Where I think we need to take care and pay attention, however, is on matters beyond our values, and onto the ways in which we make our values matter in society at large. In other words: onto questions of how the Party organises so as to actually work, and work well. Comments of mine on those matters seem to have been a little less examined, which is why I am returning to them. We have grown enormously, yet I detect less of a sense of change in our ambitions than that growth should imply.

Let’s take on board that we have a hard time at national elections, and we need to grow like Brighton and Norwich before we can realistically hope to take many more seats in general elections. AV will help, but it alone will not propel us into many 3rd places, which is where one needs to be if one is to have a chance of winning with others’ redistributed preferences.

Let’s assume therefore, that growth of council groups is by far the most important part of our political strategy. Let’s also bear in mind that fortunes can swing with external factors, as in London this year, when vast numbers of Labour voters beat back Greens and Liberal Democrats across the city in a national vote to hold the Tories back.

We can also agree that both Greens and Liberal Democrats suffer from a lack of national presence that can be strongly countered in local politics, as we in Norwich can testify.

Since local factors can build towards national success, our party should be pushing this very hard. And we do know that we have had some success, gaining 120-plus councillors. But is this the sort of level of success we should be able to expect?

Let’s take a look at how many members the other parties have, compared with the numbers of councillors they gain:

Party  Cllrs   Members   Ratio
Lab    4,831 177,000      1:37
Cons  9,405 290,000    1:31
LD     3,921  60,000       1:15

Green 120     11,000        1:91

For every 30 or 40 members Labour or Tories gain they have one councillor. The Lib Dems – with lower profile and lower membership and smaller resources – do twice as well. The Greens, on the other hand, seem to have a lot of unrealized potential. If we had a similar ratio of members to councillors to the Lib Dems, we might expect to have nearer 500 councillors. (We in Eastern Region already have 39 Councillors, on 13 different Principal Authorities, and we have concrete plans to double that number in the next few years. And so we should, according to the inference I am drawing from the little table above.)

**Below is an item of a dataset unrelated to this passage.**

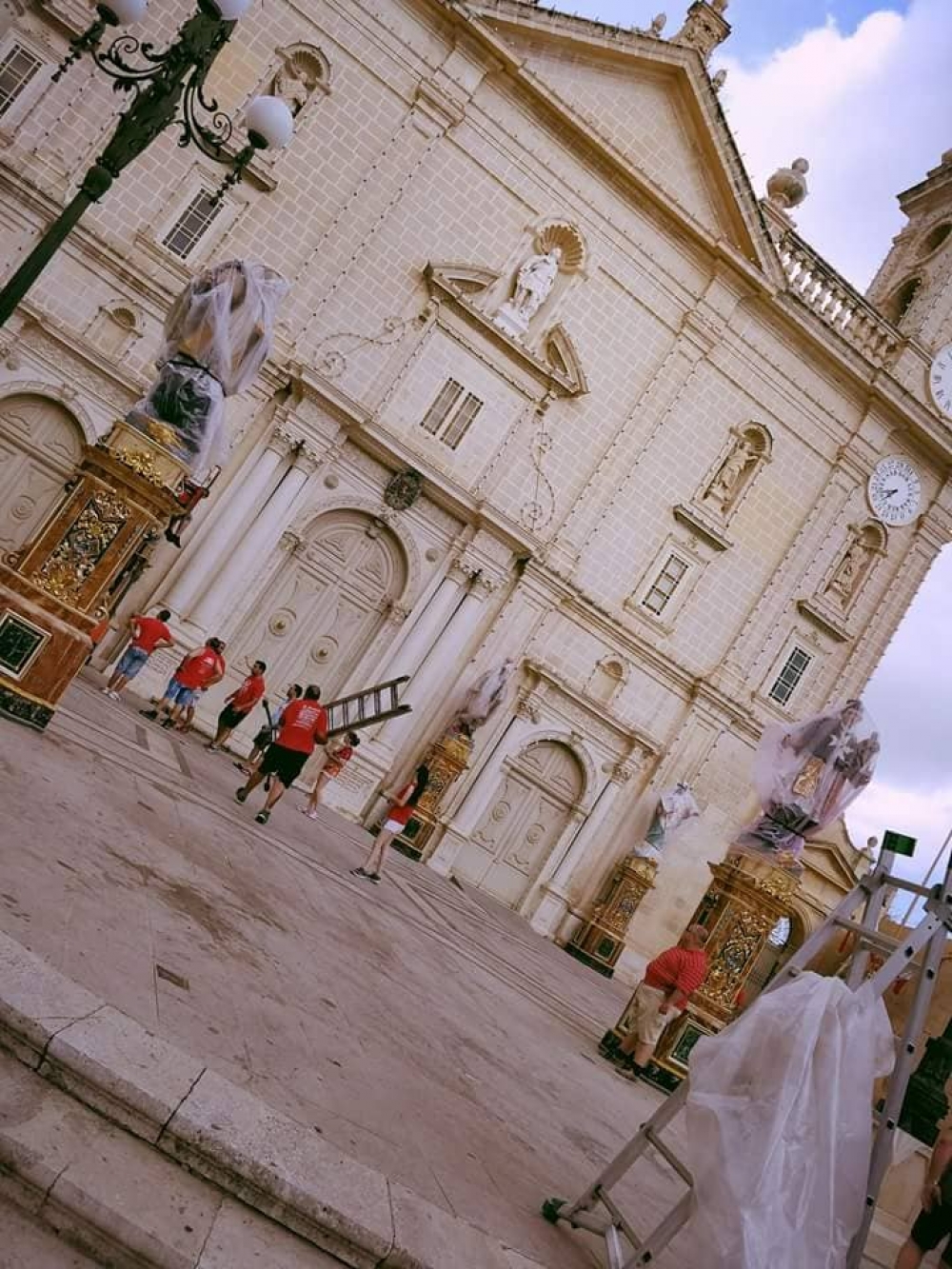 Dilettanti Ġorġjani jgħattu l-armar tal-festa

So, do we have a national target, a strategy, a training and capacity-building programme that will take us to 500 councillors? Do we feel – as Lib Dems clearly do – hungry for every council seat, with a formula to deliver every person into a Council that wants to get elected? In short, are we programmed, as a political party, to expect, plan and build success, or are we still sometimes too ready to leave everyone to their own devices, blame lack of resources and accept failure?

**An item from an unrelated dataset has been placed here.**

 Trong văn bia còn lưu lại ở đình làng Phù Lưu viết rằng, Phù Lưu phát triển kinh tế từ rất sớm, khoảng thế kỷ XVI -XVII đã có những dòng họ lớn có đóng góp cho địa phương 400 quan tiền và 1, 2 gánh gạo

I am opening this debate to ask what our ambitions are, and then how we realise them. This is such a serious question: our ideas are only as good as our ability to put them into practice, either through the pressure of debate, or actually putting policy into place ourselves. Either way, we need electoral success, and the evidence is we could be have the potential to be doing better, especially at local level.

I would so love to see that happen. So, I bet, would you. So, how do we make it so?

Let’s talk about this, and get ourselves in the GPEW into the best possible position to make changes at Conference this year which will put us on track for the future that we deserve – and that our descendants and our living planet deserve, too.